Oil companies have warned of an impending fuel crisis due to new policy by the Sindh Government.
Marketing Association of Pakistan (OMAP) has said that the Sindh government’s new policy imposing a 1.85 per cent Infrastructure Cess and a mandatory bank guarantee could paralyze the country’s petroleum imports within days.
In a letter to Federal Minister for Energy (Petroleum Division) Ali Pervaiz Malik, OMAP Chairman Tariq Wazir Ali urged immediate federal intervention, saying the move by the Sindh Excise Department threatens to choke the already fragile oil supply chain.
The association cautioned that the requirement of submitting bank guarantees instead of the previous undertakings would lock up the working capital of oil marketing companies (OMCs).
The association fears it can make the matters worse at a time when they are already reeling from delayed tax refunds, foreign exchange losses, and thin regulated margins.
“The new cess regime will make it nearly impossible for OMCs to sustain import operations,” the letter stated. “If this is not withdrawn, Pakistan could face serious disruptions in petroleum supplies.”

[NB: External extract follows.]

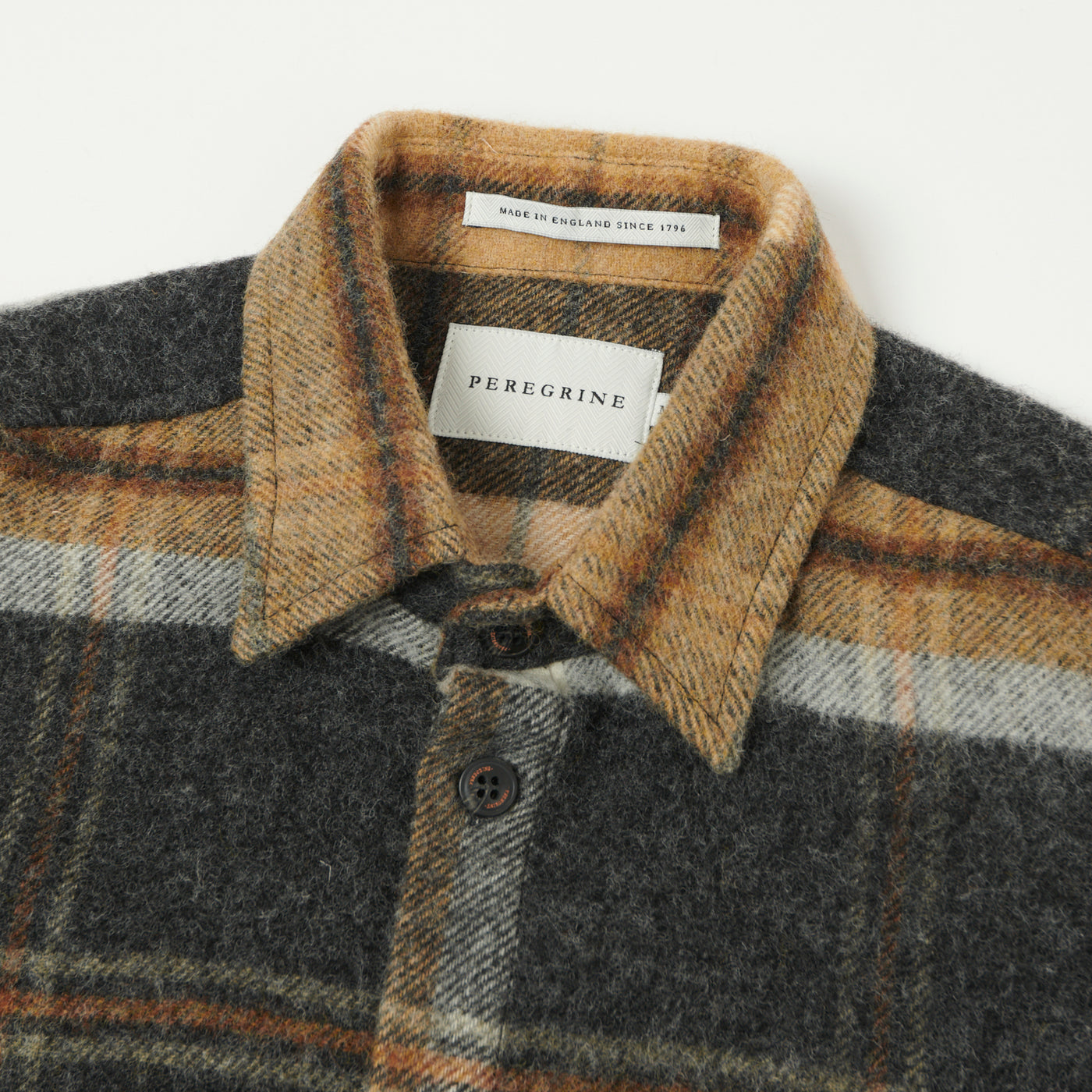Peregrine 'Barney' Wool Overshirt - Brown/Grey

Industry sources said the additional cess adds around Rs2.5 to Rs3 per litre to the cost of fuel, a burden that cannot be passed on to consumers under the current pricing mechanism.
With regulated prices and tight credit lines, companies are struggling to maintain inventory levels, raising fears of dry fuel outlets if import shipments are delayed at Karachi Port — the country’s main petroleum entry point.
In a similar letter, the Oil Companies Advisory Council (OCAC) also sounded the alarm, warning that several petroleum cargoes remain stranded at Karachi ports due to the Sindh government’s sudden reinstatement of a 100 per cent bank guarantee requirement under the Infrastructure Development Cess.
The council said at least five major shipments, including those carrying petrol and diesel for PSO, HPL, and Parco, are awaiting customs clearance, and any further delay could cripple the supply chain.